Top of DATA BLOCK

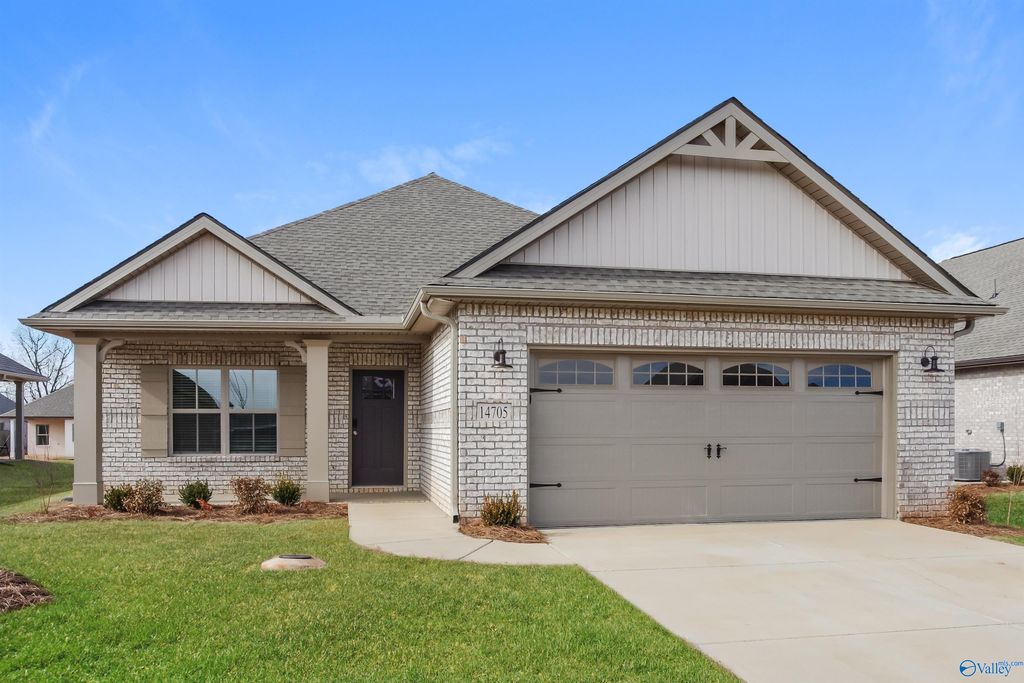 14705 Greenleaf Drive, Athens, AL 35613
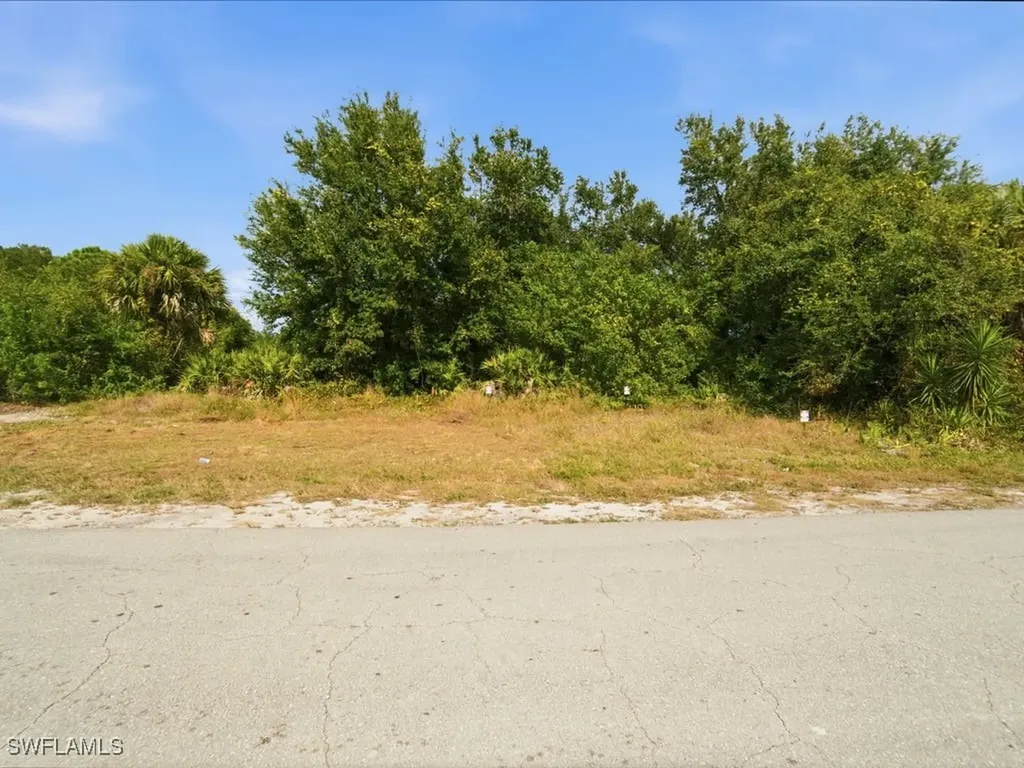 2910 51st Street SW Lehigh Acres FL 33976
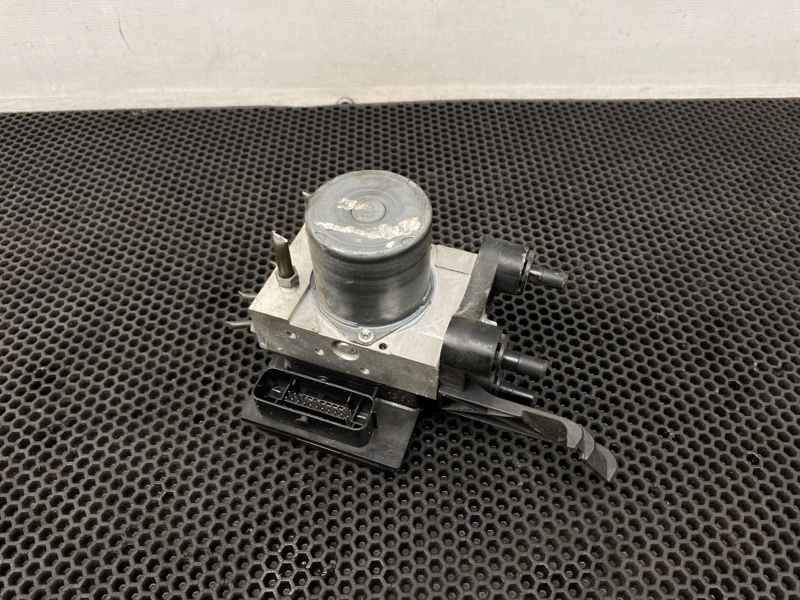 Блок ABS Mercedes-Benz E-Class 2010 A2124312012 W212 272.980 3.5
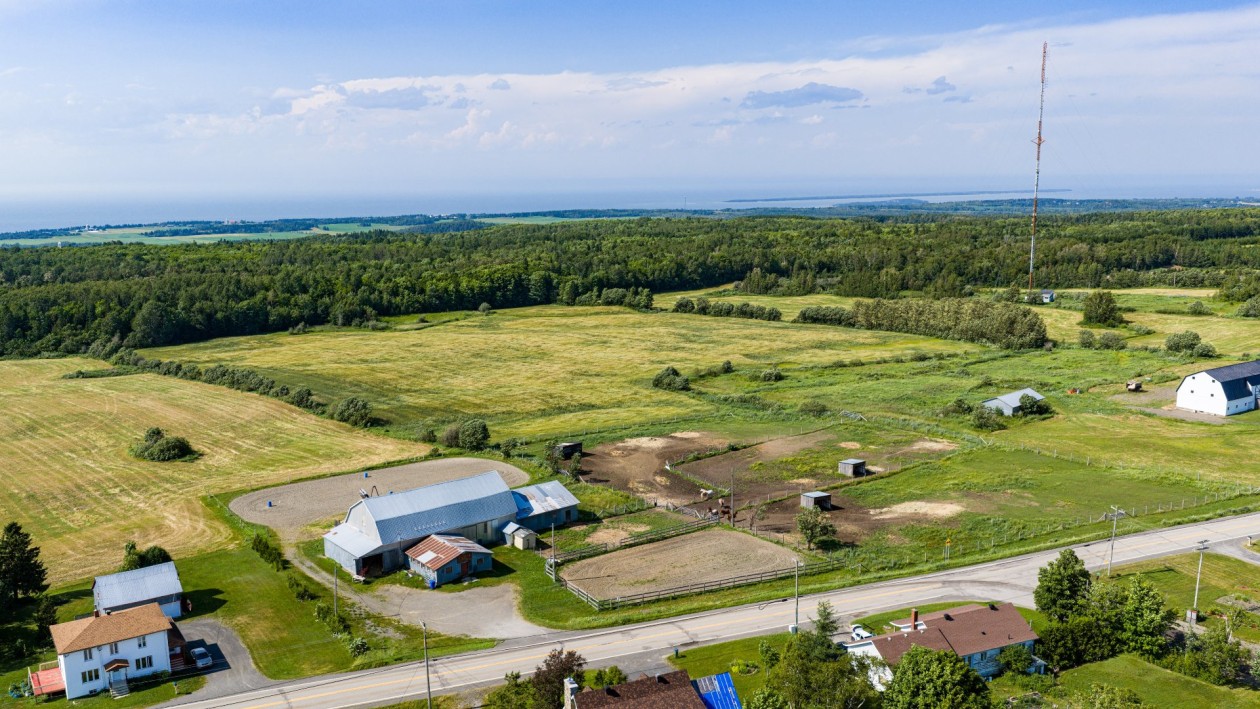 Photo aérienne — 702, 4e Rang E., Saint-Valérien, G0L4E0, Saint-Valérien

Bottom of DATA BLOCK

Give back the material above exactly as written, but omit the images.

 14705 Greenleaf Drive, Athens, AL 35613
 2910 51st Street SW Lehigh Acres FL 33976
 Блок ABS Mercedes-Benz E-Class 2010 A2124312012 W212 272.980 3.5
 Photo aérienne — 702, 4e Rang E., Saint-Valérien, G0L4E0, Saint-Valérien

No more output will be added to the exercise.